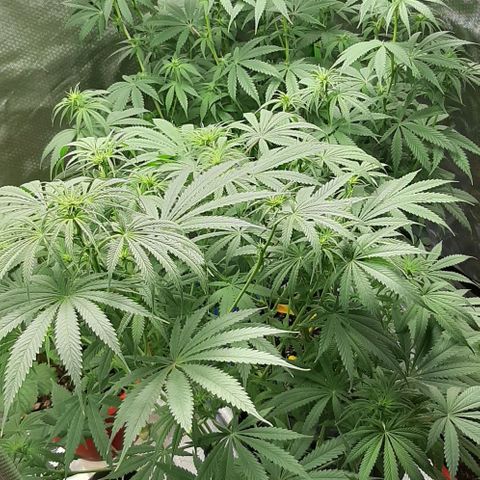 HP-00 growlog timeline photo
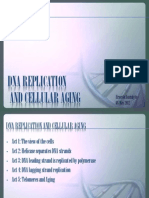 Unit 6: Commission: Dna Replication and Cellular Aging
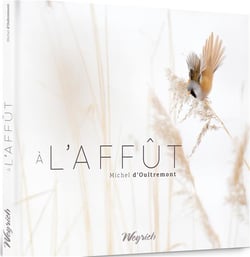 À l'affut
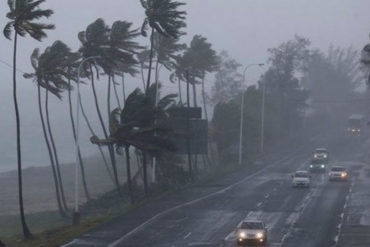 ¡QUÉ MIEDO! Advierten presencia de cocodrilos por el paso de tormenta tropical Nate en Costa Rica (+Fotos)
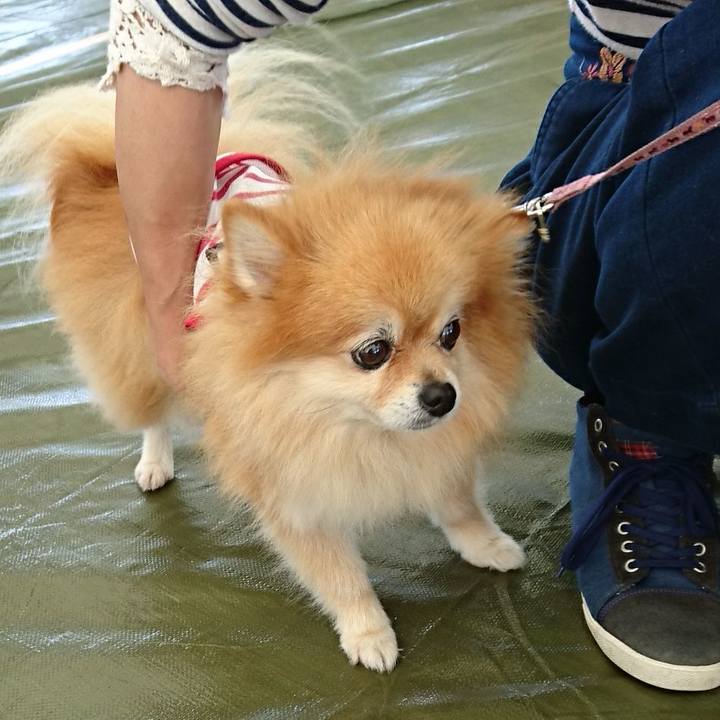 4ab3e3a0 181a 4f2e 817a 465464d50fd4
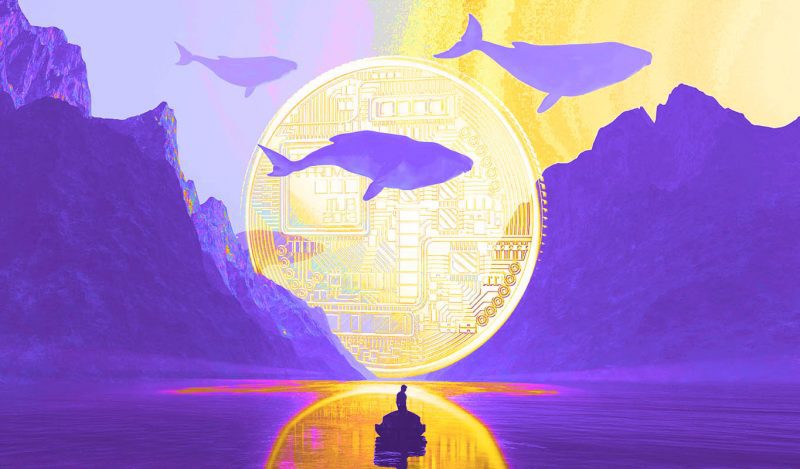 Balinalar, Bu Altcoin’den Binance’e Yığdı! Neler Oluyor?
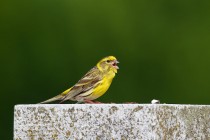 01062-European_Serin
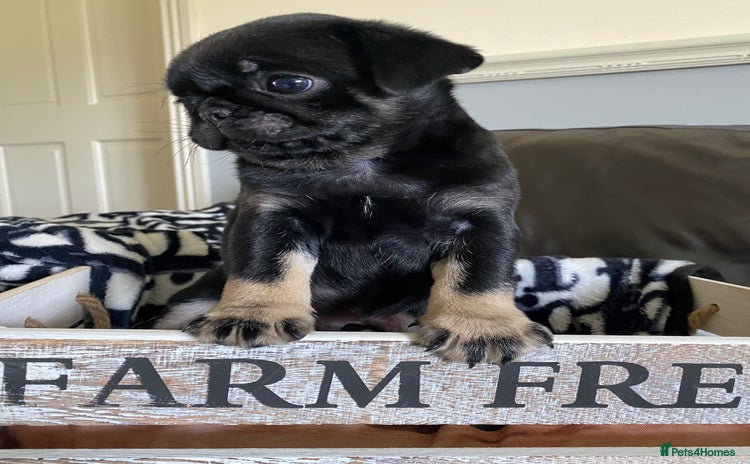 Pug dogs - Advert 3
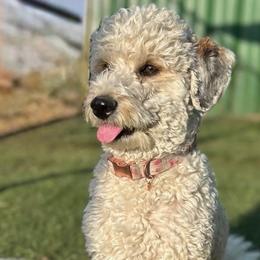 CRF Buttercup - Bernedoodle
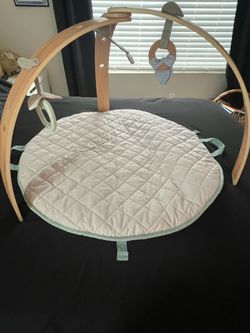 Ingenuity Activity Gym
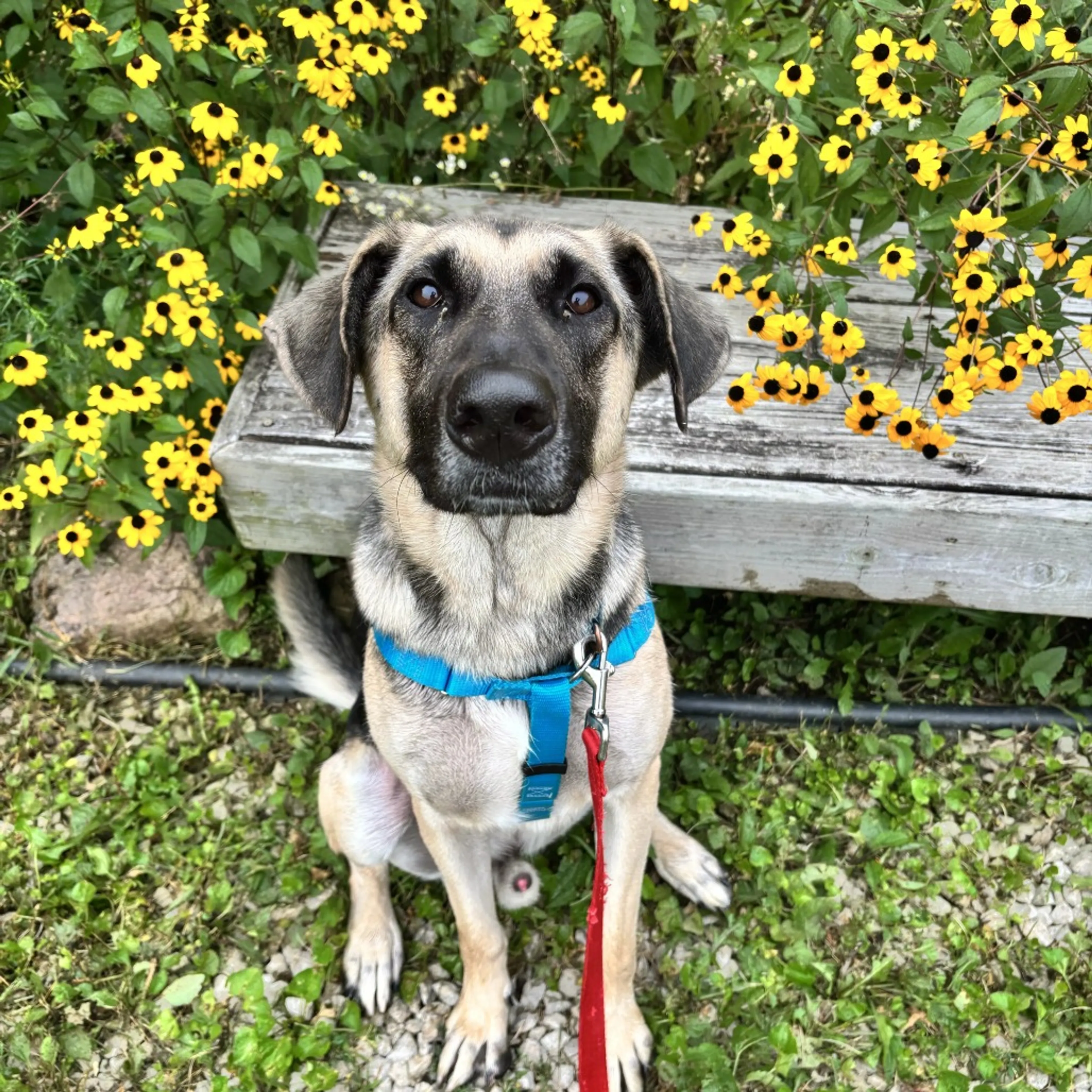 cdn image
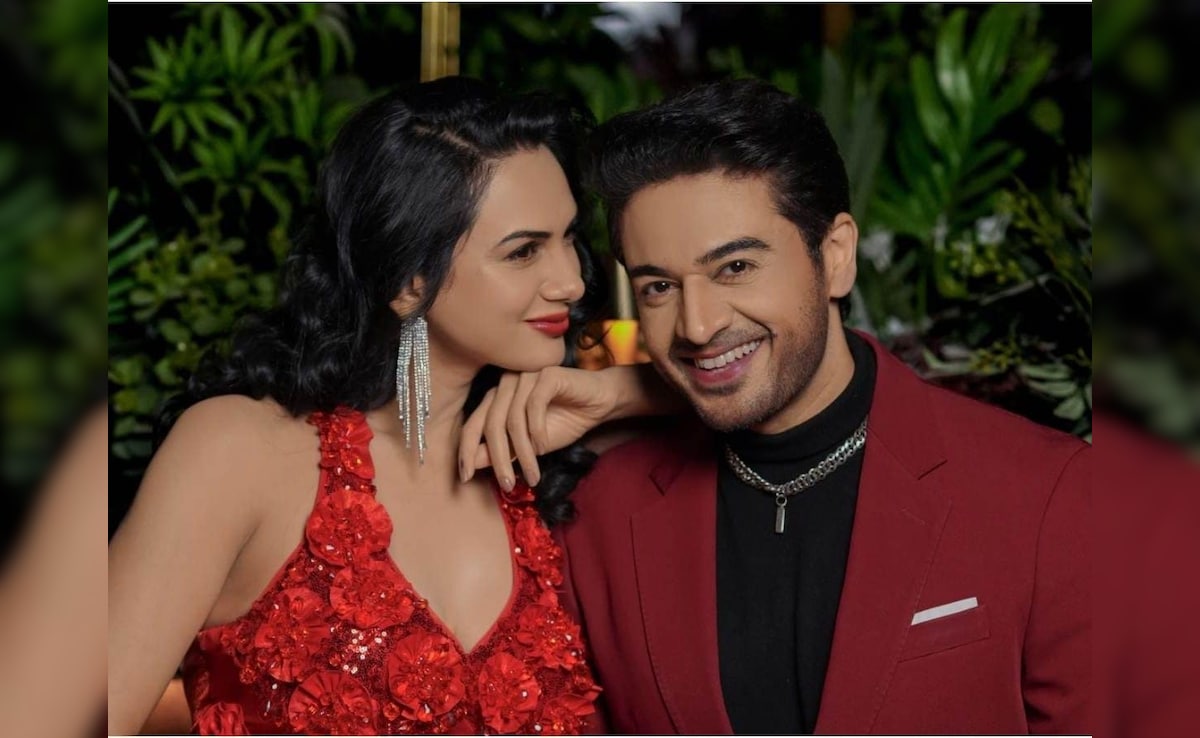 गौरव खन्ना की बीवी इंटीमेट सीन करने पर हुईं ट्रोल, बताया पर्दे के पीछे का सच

...

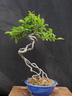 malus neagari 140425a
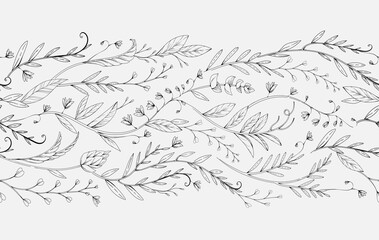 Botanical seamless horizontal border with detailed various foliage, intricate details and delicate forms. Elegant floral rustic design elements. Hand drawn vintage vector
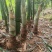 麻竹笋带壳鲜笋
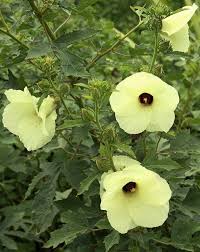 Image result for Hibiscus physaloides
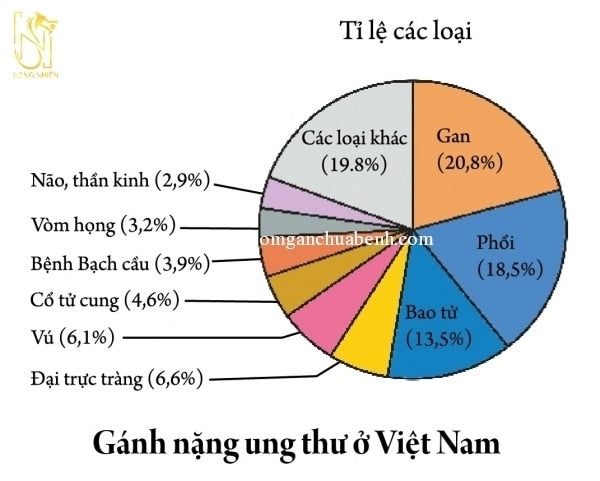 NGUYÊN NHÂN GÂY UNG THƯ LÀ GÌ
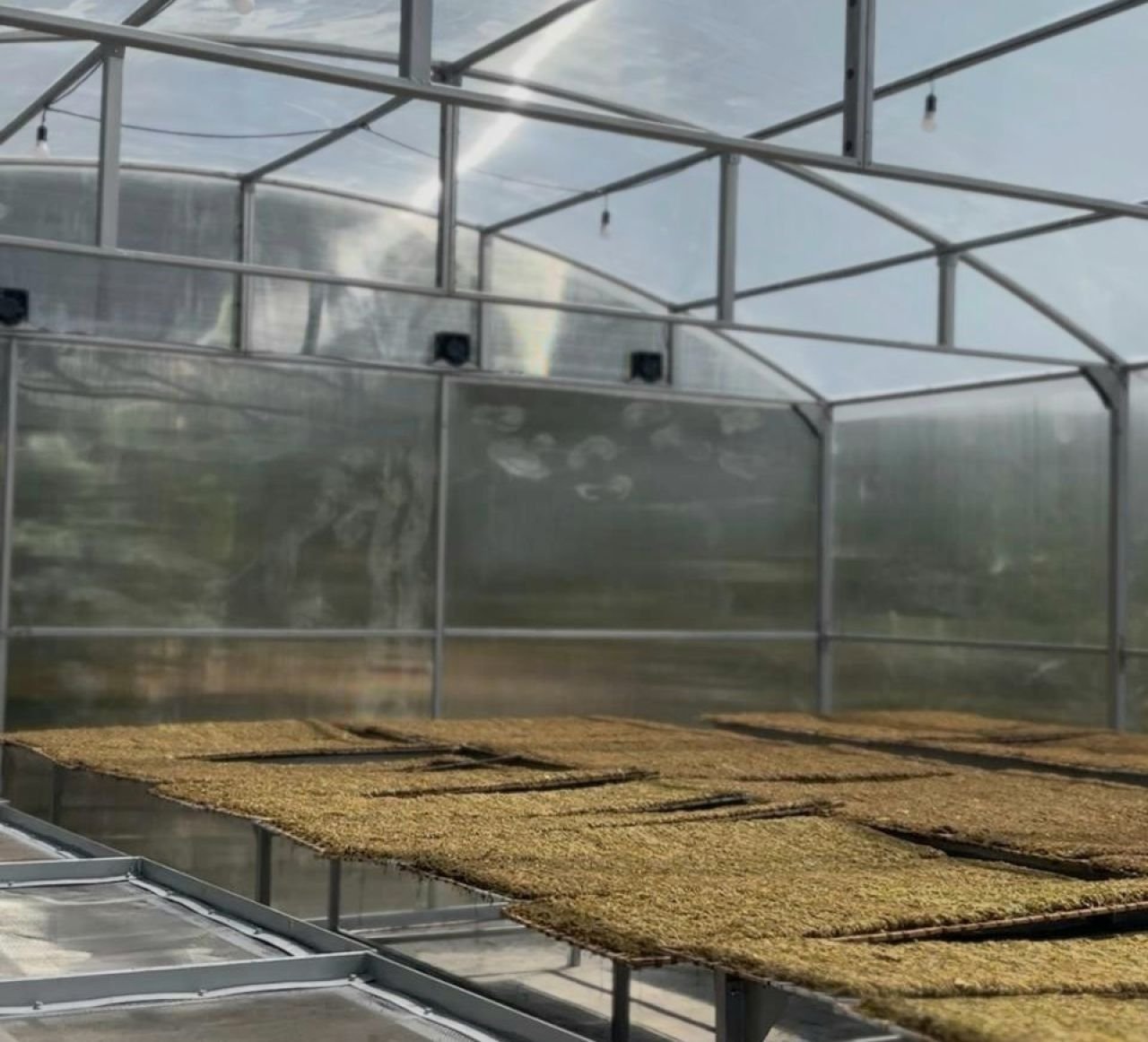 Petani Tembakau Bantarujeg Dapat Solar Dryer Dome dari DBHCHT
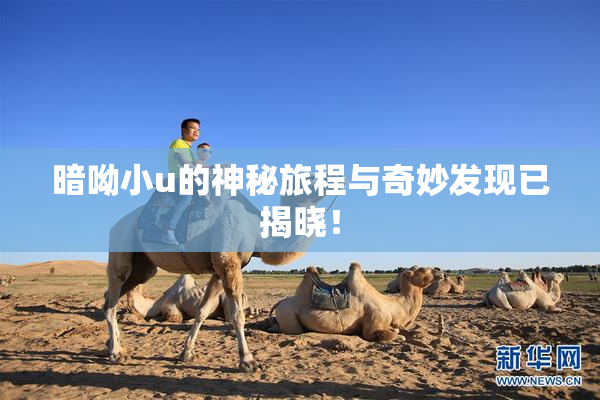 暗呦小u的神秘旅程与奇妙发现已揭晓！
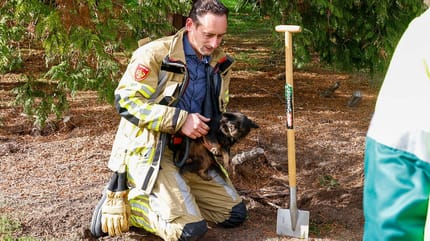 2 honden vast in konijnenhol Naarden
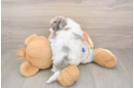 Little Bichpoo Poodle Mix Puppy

**WHAT IS BEING ASKED:** Take the lines above starting at the one containing "2 honden vast in konijnenhol Naarden" and ending at the one containing "Little Bichpoo Poodle Mix Puppy", and print them again exactly, without pictures.

**EXERCISE RESULT:**
 2 honden vast in konijnenhol Naarden
 Little Bichpoo Poodle Mix Puppy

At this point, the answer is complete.